Un’epoca – quella in cui si vive – non si respinge, si può soltanto accoglierla

 

Romanzo di Formazione

Ascanio Celestini – Storie di uno scemo di guerra

La crescita di un ragazzo con negli occhi il giorno della liberazione di Roma nel 1945, raccontatagli dal padre bambino a sua volta all’epoca dei fatti. Le mille storie mescolate con realtà e fantasia di una città in cui questo ragazzo matura, fascinandolo e affascinandoci a sua volta grazie all’incantesimo della grande narrazione che Celestini riesce a produrre. Ironico e irriverente, colpisce per dolcezza e incisività.
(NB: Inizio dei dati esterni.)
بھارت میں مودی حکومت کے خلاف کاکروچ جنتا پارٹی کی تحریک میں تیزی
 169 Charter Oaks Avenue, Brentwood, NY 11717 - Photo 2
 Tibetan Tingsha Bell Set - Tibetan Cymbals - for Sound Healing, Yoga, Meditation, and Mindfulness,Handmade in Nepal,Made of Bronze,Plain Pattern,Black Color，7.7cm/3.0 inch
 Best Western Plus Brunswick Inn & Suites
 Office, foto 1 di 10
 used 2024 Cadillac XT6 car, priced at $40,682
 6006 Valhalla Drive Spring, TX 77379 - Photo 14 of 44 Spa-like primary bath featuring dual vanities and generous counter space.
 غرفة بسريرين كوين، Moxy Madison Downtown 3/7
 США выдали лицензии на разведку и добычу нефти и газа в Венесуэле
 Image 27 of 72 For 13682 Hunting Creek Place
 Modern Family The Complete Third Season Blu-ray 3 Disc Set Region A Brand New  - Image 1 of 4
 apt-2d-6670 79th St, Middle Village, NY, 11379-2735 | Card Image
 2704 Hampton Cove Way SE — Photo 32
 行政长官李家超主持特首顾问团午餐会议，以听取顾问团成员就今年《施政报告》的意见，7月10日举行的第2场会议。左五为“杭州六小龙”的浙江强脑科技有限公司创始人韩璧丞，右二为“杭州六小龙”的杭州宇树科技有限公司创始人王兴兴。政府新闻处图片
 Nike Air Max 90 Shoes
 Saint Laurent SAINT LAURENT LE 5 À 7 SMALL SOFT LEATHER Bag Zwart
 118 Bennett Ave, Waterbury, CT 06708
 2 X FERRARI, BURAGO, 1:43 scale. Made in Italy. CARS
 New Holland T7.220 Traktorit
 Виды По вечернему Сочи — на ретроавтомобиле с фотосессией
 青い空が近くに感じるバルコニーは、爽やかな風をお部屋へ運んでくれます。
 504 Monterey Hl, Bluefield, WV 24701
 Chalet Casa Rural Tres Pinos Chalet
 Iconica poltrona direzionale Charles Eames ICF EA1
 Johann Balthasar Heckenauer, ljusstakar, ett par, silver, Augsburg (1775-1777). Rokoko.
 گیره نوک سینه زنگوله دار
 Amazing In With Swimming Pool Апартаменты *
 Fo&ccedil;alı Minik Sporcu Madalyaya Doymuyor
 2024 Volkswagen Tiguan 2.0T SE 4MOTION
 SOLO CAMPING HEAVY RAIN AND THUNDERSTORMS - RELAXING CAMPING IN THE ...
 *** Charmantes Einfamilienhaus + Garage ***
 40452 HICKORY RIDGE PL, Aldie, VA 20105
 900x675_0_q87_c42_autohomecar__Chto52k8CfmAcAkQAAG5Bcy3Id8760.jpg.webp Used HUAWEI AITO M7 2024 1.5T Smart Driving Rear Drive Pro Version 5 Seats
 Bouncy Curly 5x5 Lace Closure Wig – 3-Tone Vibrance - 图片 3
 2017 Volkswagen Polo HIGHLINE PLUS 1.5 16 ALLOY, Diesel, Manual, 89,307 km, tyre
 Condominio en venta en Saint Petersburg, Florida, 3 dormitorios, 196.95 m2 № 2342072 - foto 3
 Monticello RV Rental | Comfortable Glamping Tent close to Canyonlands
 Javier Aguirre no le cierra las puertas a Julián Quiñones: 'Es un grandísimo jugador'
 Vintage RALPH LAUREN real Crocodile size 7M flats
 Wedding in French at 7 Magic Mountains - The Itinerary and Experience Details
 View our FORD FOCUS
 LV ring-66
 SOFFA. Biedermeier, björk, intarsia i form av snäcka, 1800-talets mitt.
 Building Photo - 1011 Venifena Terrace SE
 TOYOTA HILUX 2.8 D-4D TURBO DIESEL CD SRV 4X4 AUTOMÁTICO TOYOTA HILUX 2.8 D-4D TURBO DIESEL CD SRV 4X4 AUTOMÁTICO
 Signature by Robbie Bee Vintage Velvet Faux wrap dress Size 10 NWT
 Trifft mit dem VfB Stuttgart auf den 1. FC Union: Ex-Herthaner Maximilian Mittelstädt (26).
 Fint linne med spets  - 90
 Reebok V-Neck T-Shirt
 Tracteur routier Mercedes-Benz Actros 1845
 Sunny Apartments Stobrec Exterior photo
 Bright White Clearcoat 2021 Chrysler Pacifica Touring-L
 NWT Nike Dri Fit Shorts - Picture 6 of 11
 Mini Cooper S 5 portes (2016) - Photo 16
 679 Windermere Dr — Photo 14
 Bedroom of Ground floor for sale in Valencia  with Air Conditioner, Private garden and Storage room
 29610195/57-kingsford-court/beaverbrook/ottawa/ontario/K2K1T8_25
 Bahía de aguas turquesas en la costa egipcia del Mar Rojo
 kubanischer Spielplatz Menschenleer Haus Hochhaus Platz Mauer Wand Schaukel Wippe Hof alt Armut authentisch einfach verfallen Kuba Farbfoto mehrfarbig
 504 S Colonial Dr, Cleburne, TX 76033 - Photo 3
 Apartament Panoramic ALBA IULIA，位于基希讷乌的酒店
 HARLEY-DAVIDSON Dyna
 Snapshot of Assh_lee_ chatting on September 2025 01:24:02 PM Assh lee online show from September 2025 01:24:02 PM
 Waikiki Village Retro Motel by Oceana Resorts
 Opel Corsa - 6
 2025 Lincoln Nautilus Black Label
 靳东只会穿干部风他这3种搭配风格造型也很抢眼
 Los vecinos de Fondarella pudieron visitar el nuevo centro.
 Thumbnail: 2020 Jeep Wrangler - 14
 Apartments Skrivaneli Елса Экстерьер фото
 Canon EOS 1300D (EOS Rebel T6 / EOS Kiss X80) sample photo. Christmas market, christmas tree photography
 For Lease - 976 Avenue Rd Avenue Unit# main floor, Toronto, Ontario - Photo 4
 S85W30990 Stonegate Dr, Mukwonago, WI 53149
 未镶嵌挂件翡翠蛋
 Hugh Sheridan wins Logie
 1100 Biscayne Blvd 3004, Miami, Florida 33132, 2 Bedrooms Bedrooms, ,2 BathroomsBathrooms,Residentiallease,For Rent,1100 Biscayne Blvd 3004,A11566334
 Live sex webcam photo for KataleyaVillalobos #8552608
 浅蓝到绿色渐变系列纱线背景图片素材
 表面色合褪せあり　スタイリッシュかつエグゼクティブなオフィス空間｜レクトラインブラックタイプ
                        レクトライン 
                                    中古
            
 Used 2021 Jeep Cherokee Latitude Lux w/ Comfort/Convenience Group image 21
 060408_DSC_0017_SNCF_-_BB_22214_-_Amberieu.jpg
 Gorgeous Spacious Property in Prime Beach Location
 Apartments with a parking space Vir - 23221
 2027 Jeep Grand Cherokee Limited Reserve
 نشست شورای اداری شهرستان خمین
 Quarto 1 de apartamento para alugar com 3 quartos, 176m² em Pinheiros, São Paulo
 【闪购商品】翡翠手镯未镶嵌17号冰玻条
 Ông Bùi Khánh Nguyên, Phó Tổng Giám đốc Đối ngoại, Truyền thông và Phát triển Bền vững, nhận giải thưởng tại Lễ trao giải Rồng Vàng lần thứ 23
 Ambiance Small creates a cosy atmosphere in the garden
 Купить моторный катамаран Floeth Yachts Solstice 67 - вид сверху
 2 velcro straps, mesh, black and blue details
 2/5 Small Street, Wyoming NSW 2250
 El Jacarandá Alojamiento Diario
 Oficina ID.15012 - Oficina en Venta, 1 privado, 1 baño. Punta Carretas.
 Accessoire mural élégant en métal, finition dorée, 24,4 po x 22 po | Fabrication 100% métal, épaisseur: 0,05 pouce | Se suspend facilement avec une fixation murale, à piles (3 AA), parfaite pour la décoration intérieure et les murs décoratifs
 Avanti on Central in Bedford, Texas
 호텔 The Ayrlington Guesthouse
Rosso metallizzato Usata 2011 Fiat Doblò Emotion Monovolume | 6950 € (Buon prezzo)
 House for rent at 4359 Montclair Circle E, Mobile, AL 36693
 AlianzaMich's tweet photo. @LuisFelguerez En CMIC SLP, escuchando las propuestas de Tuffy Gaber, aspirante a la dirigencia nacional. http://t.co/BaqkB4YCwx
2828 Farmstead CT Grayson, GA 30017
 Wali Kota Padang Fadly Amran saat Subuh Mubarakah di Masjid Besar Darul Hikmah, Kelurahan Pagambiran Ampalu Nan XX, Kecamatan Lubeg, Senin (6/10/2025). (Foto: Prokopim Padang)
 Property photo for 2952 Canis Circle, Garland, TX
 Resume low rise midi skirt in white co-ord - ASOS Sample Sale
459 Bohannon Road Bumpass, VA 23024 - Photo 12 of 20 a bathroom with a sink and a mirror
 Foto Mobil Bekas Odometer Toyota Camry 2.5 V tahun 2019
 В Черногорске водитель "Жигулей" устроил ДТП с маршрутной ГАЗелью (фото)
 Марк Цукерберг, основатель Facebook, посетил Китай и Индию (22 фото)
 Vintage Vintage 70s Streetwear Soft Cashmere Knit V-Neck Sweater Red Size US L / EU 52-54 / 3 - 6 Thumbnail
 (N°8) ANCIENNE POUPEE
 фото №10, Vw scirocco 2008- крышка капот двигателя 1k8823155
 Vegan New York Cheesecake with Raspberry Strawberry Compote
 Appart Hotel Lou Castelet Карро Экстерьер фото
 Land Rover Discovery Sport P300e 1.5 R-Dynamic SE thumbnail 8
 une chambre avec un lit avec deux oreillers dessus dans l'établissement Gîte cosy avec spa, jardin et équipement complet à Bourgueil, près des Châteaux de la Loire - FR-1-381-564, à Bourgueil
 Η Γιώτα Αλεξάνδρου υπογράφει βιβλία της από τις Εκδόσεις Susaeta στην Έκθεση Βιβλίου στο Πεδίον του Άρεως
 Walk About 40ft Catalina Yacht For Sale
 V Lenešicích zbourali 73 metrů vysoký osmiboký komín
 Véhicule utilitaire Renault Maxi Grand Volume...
A casa mia i morti li sotterrano scalzi. A casa mia dicono che le scarpe sono troppo pesanti per i morti, dicono che li inchioderebbero a questo mondo in mezzo ai vivi. Crocefissi alla vita pure da morti.

 

Il Saggio

Giuseppe Culicchia – Mi sono perso in un luogo comune

Dizionario della nostra stupidità è il sottotitolo di questo ultimo intrigante lavoro dello scrittore torinese. In un alfabeto di luoghi comuni racconta con simpatia e leggerezza i pregiudizi e le frasi fatte che accompagnano le nostre conversazioni, sottintendendo e segnalando uno dei difetti più grandi del nostro paese, il giudicare e parlare per sentito dire, fermandoci alle apparenze e riempiendoci la bocca di parole che poco sanno su quel che raccontano.

ITALIANI. Brava gente. La rovina dell’Italia. Maestri nell’arte di arrangiarsi. Pizza e mandolino. Un popolo di sarti, cuochi e calciatori. Elogiarne la creatività sorvolando sul resto. Citare Mussolini:”Governare gli italiani non è difficile, è inutile. 

 

L’outsider

Michele Serra – Ognuno potrebbe

Celebre per la sua rubrica di Repubblica L’amaca l’ultimo libro di Michele Serra è il resoconto dell’insofferenza di un “rompiballe stabile” nei confronti di ciò che vede intorno a sé, per un paese a cui non riesce ad adeguarsi e a condividere nelle scelte. In un luogo indefinito ma che odora di microcosmo specchio della sua concezione dell’Italia, percorre il suo viaggio circolare come le rotatorie di cui non capisce l’effettiva utilità se non l’aiutare a perdersi, fra recriminazioni e frecciatine al narcisismo di un Paese che si guarda compiaciuto in uno specchio deformante, dimenticando di guardare oltre se stessi e vedere l’effettivo stato delle cose.

Niente come una vita insoddisfacente è in grado di generare credenze ridicole e devozioni disperate: se c’è un buon termometro della tristezza collettiva è la credulità collettiva.